The survey of 1,000 active and recent first-time buyers found that more than 45% always or often feel pressure or influence from social media while navigating the housing market. Three quarters said they experience what Mojo Mortgages described as "house envy" from content on social platforms.
That influence appears to feed directly into home search behaviour. Just over half of respondents said they browse dream properties as a form of digital window shopping at least once a week, rising to 58% among people aged 25 to 34.
Posts about property purchases also seem to trigger immediate action. The data found that 46% of first-time buyers go straight onto property apps after seeing someone else announce they have bought a home, while 50% use social content as a prompt to investigate the price or value of a property they have seen online.
Women were more likely than men to say they always look up the value of a home spotted on social media, at 19% compared with 14%. The survey also found that 47% regularly recalculate their monthly mortgage affordability in response to the latest news cycle.
Online pressure
The figures add to evidence that social platforms are shaping consumer behaviour well beyond retail and travel, influencing one of the largest financial decisions many households make.
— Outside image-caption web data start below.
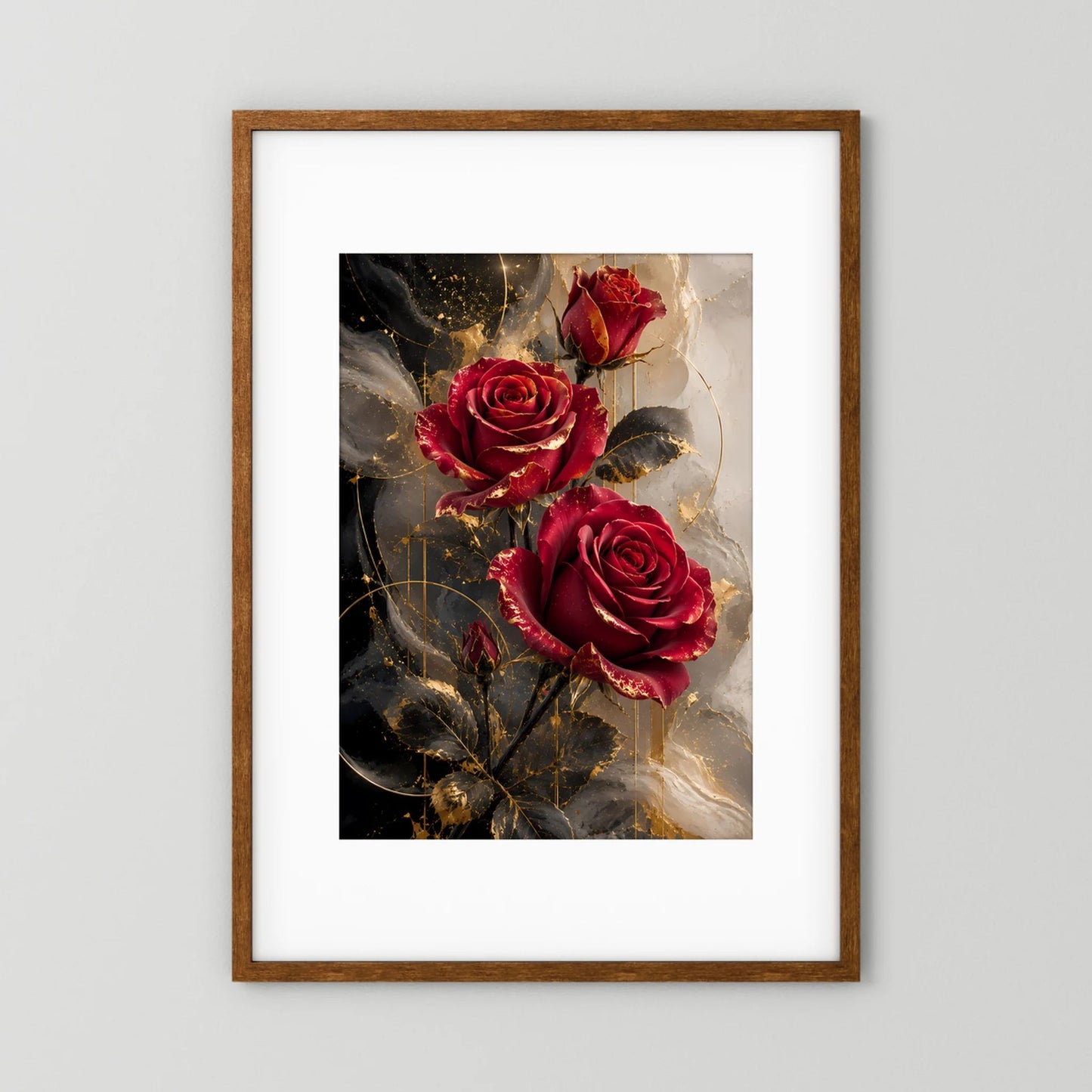 Gerahmtes Poster: rubinrote Rosen mit Goldakzenten, hochformatig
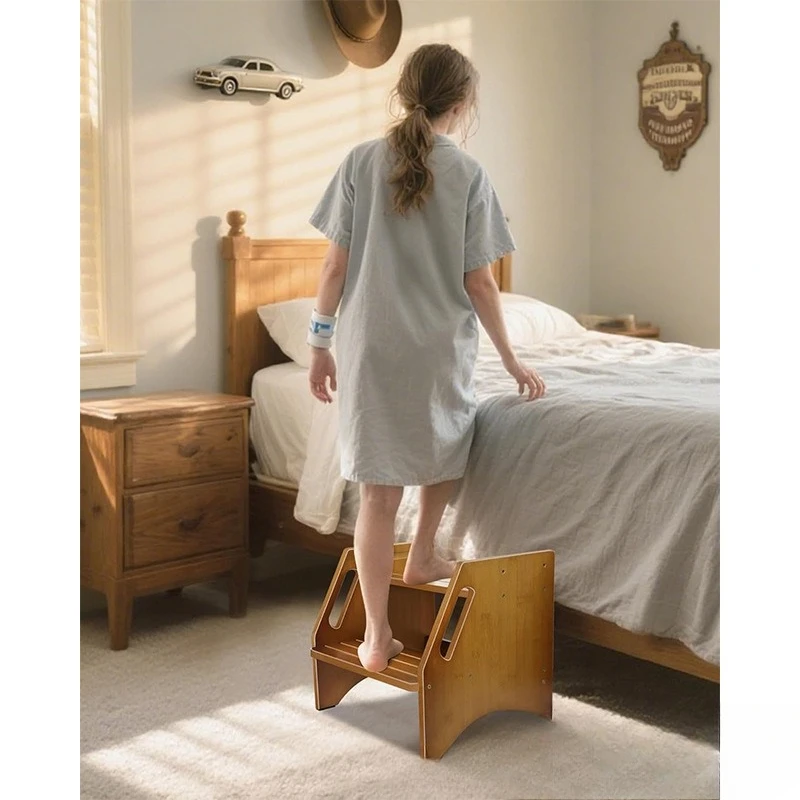 Wooden bamboo and wood step stool, hand stool steps, toddler learning baby washstand, foot stepping stool, wooden ladder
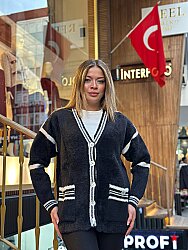 Toptan Kadın Triko Hırka Cepli Siyah Beyaz - 30784 | REEL TRİKO - 1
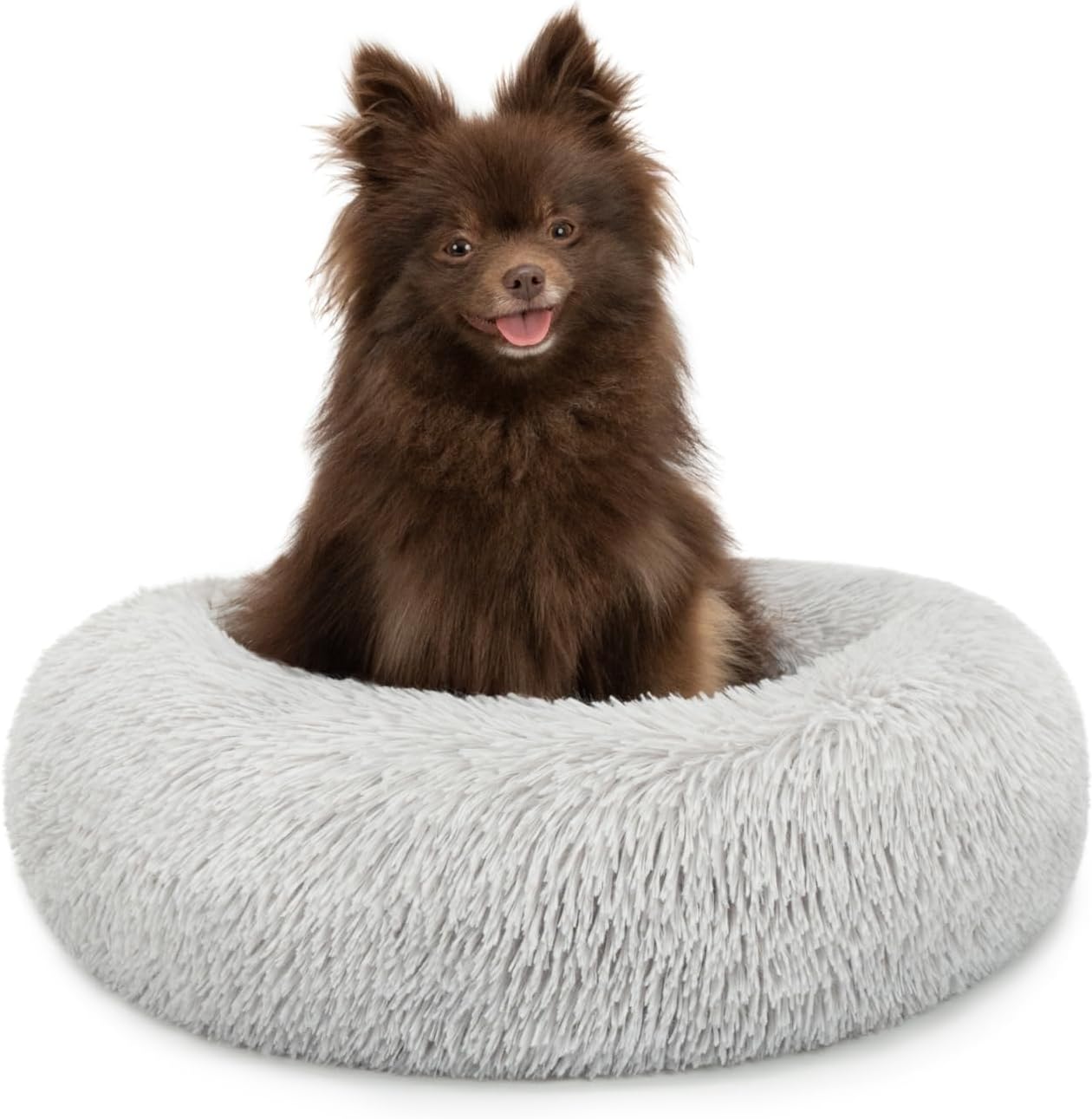 Cama Redonda para Perros Lionto, Sofá en Forma de Donut para Gatos y Perros, Tamaño S, 40 cm Ø, Gris Claro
For first-time buyers facing high house prices and borrowing costs, the contrast between aspirational content and personal budgets appears to be creating both pressure and research-driven behaviour.
Another 78% of respondents said they compare their actual budget with the homes presented online. This suggests the gap between what buyers can afford and what they consume on social media is becoming a routine part of the search process.
Kayleigh Jackson, Mortgage Sales Manager at Mojo Mortgages, said: "Social media is a fantastic tool for inspiration, design ideas, and celebrating major life milestones. However, it creates a highly curated gallery that rarely reflects the compromise, grit, and financial realities it takes to get onto the property ladder. It's completely natural to experience 'house envy' when looking at flawless home tours, but it's important to remember that every buyer's starting line is different, and many have unseen financial help behind the scenes.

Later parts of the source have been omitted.